The agency plans to revisit the possibility during the 2017 Medicare Physician Fee Schedule rulemaking process, more than a year from now. This issue has long been problematic because it’s difficult, at best, to manage a population of patients without knowing exactly who your patients are. Ideally, Medicare beneficiaries would not only select a primary care provider, but also select an ACO for their complete care needs. That would truly measure how care is being delivered in an ACO.

HCB News: Another issue of concern for ACOs in the MSSP is the benchmarking process. Do you think that the modifications to the benchmarking process outlined in the final rule will help some ACOs?
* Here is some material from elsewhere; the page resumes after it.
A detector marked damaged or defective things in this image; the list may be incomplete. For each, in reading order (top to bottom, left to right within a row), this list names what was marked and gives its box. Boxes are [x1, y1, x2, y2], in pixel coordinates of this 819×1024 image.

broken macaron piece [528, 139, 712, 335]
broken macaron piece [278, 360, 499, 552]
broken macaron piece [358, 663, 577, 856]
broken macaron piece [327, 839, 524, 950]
AMGA: In the final rule, CMS finalized a policy that will equally weight each benchmark year, and will make an adjustment to account for the average per capita amount of savings generated during the ACOs’ previous agreement period. This should help some ACOs that have had difficulty exceeding their minimum savings rate because they are already very efficient at what they do.
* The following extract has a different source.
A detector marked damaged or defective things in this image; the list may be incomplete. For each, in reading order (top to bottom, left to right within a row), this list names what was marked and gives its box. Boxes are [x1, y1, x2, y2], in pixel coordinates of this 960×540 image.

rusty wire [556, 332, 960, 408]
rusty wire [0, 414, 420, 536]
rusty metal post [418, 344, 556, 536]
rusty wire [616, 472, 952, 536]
AMGA advocated for CMS to provide a way to account for regional expenditures in the benchmarking process, as well. Many of our member medical groups have told us that a regional component in the benchmark would help them achieve shared savings. CMS plans to examine this issue in greater detail, and states that it will be the subject of a separate rulemaking process this summer.

HCB News: The Centers for Medicare and Medicaid Innovation (CMMI) has recently announced the “Next Generation ACO” demonstration project. What are the goals of this demonstration project?

AMGA: The Next Generation ACO Model is intended to target experienced, high-performing ACOs and test the role that strong incentives to take risk may play in improving the ACO model. These high performing ACOs also will have the opportunity to earn higher savings to incentivize their participation in the demonstration. CMMI also is permitting risk scores to go up by 3%, if necessary, to more accurately reflect the resources utilized to treat beneficiary in these ACOs.

In the MSSP, risk scores can only remain frozen in place or go down, which has been an area of concern. Beneficiaries will also be prospectively aligned with the ACOs in this model. CMMI is recruiting 15-20 ACOs to participate, so the project will be limited in scope, but CMMI hopes this project will help them learn what combination of factors will help ACOs and the Medicare program succeed.